EXERCISE DESCRIPTION:
From the first line of the listing below through the line with "Amid the striking", transcribe exactly and skip the pictures.

DATASET EXCERPT:
•••••

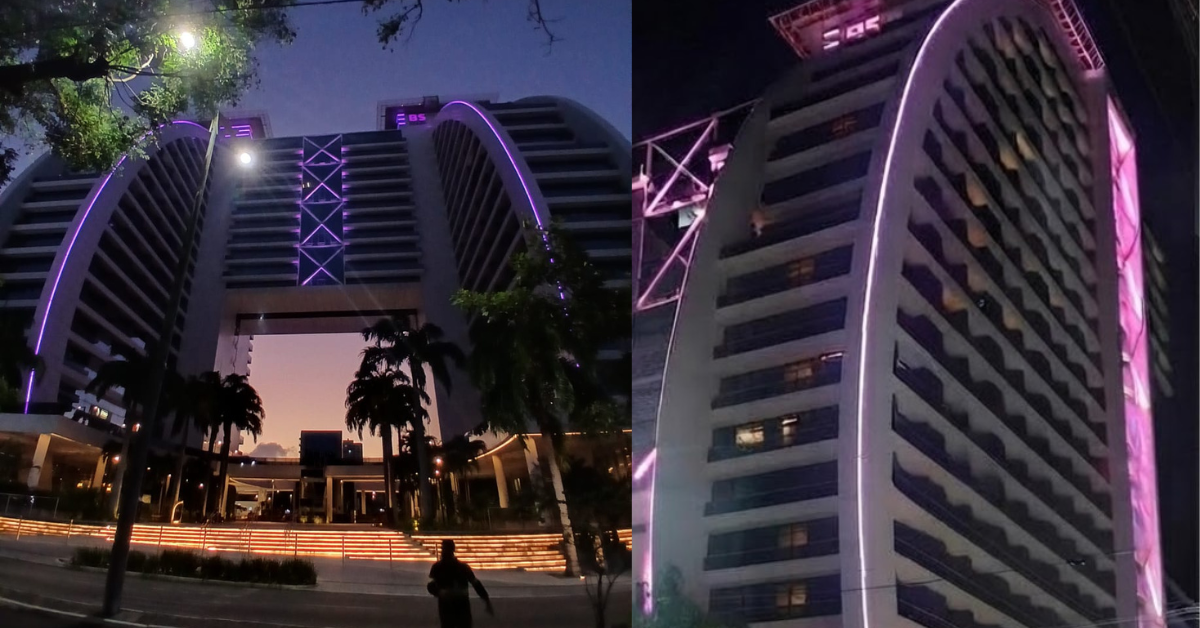 Fachada do BS Design iluminada na cor vinho durante campanha de conscientização sobre Alzheimer em Fortaleza.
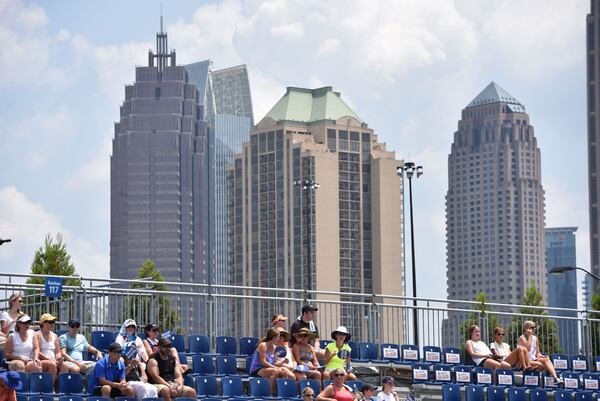 Amid the striking Midtown setting, spectators watch a match between Vasek Pospisil of Canada and Yen-Hsun Lu of Chinese Taipei during the BB&T Atlanta Open at Atlantic Station in 2015. HYOSUB SHIN / HSHIN@AJC.COM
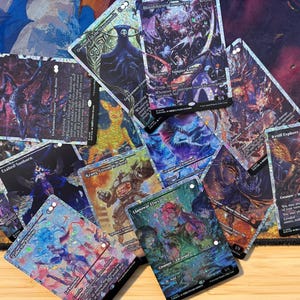 May include: A collection of holographic trading cards scattered across a surface. The cards feature various fantasy illustrations, including characters like Overlord of the Balemark, Bloodthirsty Conqueror, and Llanowar Elves, with visible text and symbols.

•••••

ANSWER FOR THE TASK:
 Fachada do BS Design iluminada na cor vinho durante campanha de conscientização sobre Alzheimer em Fortaleza.
 Amid the striking Midtown setting, spectators watch a match between Vasek Pospisil of Canada and Yen-Hsun Lu of Chinese Taipei during the BB&T Atlanta Open at Atlantic Station in 2015. HYOSUB SHIN / HSHIN@AJC.COM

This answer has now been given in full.